2023 Canadian comedy film

Who's Yer Father? is a 2023 Canadian crime comedy film, written, produced, and directed by Jeremy Larter. The film stars Chris Locke as Larry Constable, a bumbling private investigator in a small Prince Edward Island town who teams up with convenience store owner Rhonda Perry (Susan Kent) to investigate a black market lobster smuggling ring.

The cast also includes Jess Salgueiro, Matt Wells, Kaniehtiio Horn, Steve Lund, Marc Hickox, Graham Putnam, Kinza Baker, Robbie Moses, Linda Wigmore, Danielle M. Villard and Sharlene MacLean.
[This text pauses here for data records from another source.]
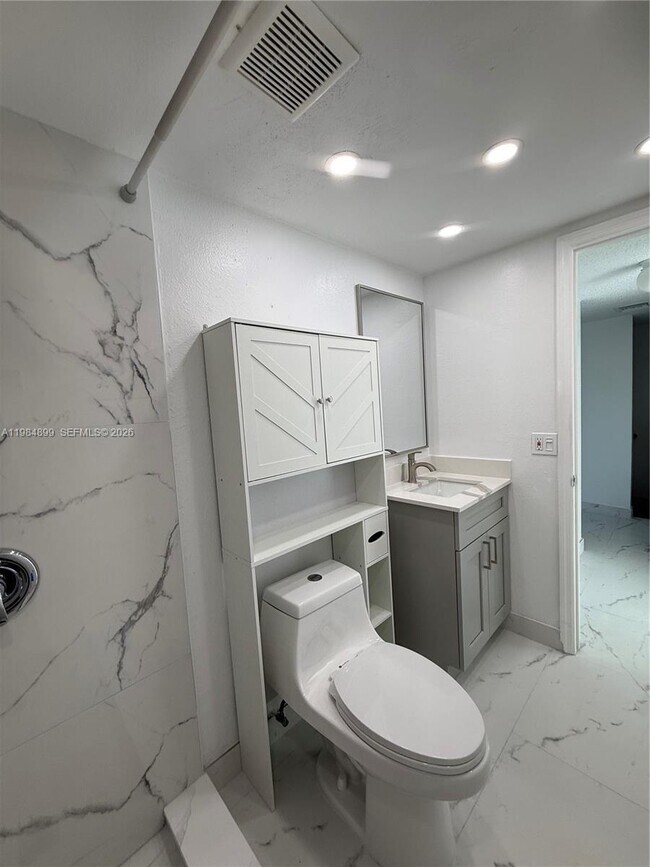 Building Photo - 9365 Fontainebleau Blvd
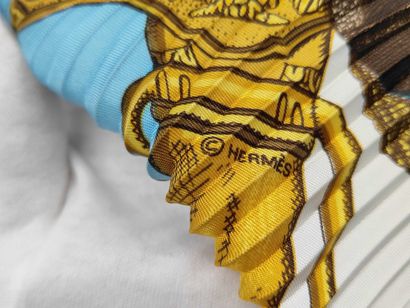 HERMÈS – Écharpe « Paperoles »
Écharpe en...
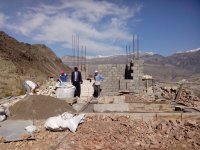 Помощник главы М Хайбулаев посетил площадку на которой идет строительство смотровой башни для посетителей горы Ахульго. 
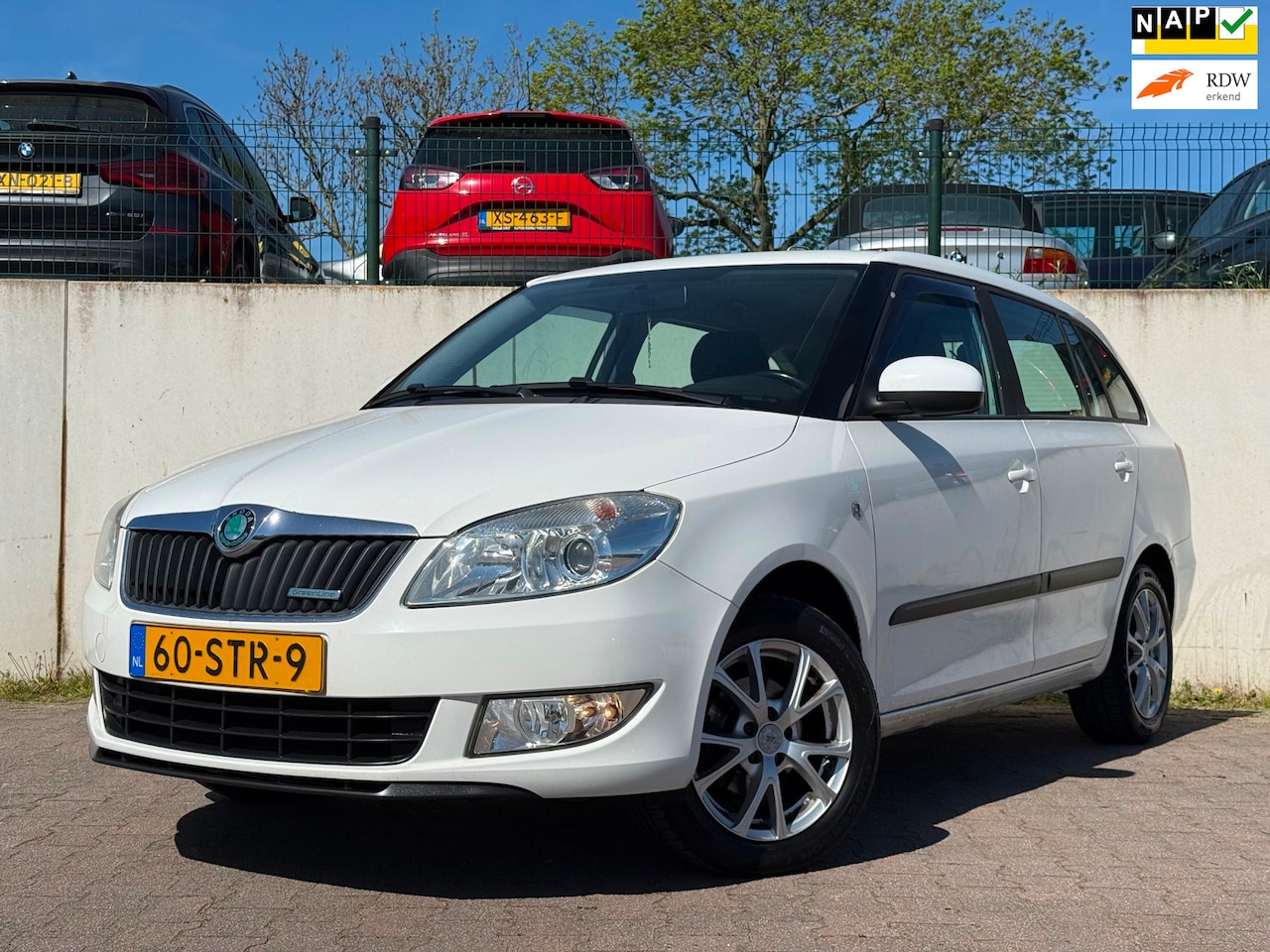 Skoda Fabia Combi - 1.2 TDI Greenline/NAVI/AIRCO/TREKHAAK/CRUISE/ - AutoWereld.nl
The film entered production in August 2022, with funding assistance from Prince Edward Island's new Film Production Fund. Larter had written the screenplay in 2015, but set it aside to work on other projects, most notably his 2019 film Pogey Beach, before returning to it in the early 2020s.

The film premiered at the 2023 Atlantic International Film Festival, and was screened at the 2023 Cinéfest Sudbury International Film Festival.

==Awards==
Kent won the Joan Orenstein & David Renton Award for Outstanding Performance in Acting at the 2023 Atlantic International Film Festival.

Kent and Locke both received Canadian Screen Award nominations for Best Lead Performance in a Comedy Film at the 12th Canadian Screen Awards in 2024, and Fatema Hoque was nominated for Best Makeup.